JACKSONVILLE, Fla. — It’s no doubt the COVID-19 pandemic has been hard on everyone, even children.
Wolfson Children’s Hospital inpatient Behavioral Health Unit said it has seen a 300% increase in emergency visits related to mental health compared to the same time last year. The children’s hospital said that translates to more than 700 children who needed immediate mental heal hospitalization.
Dr. Terrie Andrews, the administrator for Baptist Behavioral Health and Wolfson Children’s Behavioral Health, said the uptick began around the end of April 2020 and hasn’t slowed down.
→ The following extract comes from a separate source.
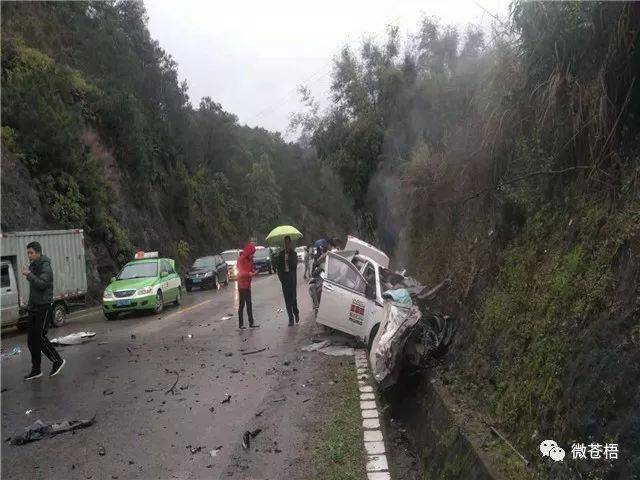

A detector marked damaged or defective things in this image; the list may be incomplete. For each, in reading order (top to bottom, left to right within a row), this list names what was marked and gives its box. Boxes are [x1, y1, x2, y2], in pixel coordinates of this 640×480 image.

car windshield shattered [117, 260, 158, 280]
wrecked white car [316, 236, 456, 390]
“We’ve definitely seen a toll on pediatrics, you know, very much correlated with the pandemic that no one expected,” Dr. Andrews said.
It has doctors like Andrews worried.
“It’s a tough time right now for kids,” Dr. Andrews said. “Some of the different types of depression and different anxieties that we are seeing are intentional overdoses,” Dr. Andrews said.
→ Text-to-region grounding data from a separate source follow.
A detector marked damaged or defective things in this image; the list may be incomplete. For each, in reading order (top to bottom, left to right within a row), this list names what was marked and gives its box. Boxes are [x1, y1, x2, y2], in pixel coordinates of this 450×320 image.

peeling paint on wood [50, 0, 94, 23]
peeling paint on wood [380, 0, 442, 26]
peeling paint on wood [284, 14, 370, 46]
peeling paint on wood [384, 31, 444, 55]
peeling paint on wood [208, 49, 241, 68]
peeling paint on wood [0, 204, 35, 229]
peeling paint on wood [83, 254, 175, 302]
Dr. Andrews said the 14-beds on the pediatric psychiatry unit are filled.
“Today, there’s probably about 25 adolescents that are holding, waiting to get into our psychiatric unit,” Dr. Andrews said.
In response, Wolfson Children’s Hospital opened a 24/7 confidential helpline for children and their parents. The number is 904-202-7900.
Through researching Zip Codes of pediatric patients admitted to Wolfson’s for mental health reasons, Dr. Andrews said they were able to identify pockets where she said more resources are needed.
“The highest ZIP Codes that we’re seeing are Clay County ZIP Codes-- Oakleaf, Orange Park, Green Cove,” Dr. Andrews said. “We also saw in Northern St. Johns County, so 210 area, Race Track, Julington Creek, Fruit Cove, those were some higher pocket areas as well as North Jacksonville around the airport.”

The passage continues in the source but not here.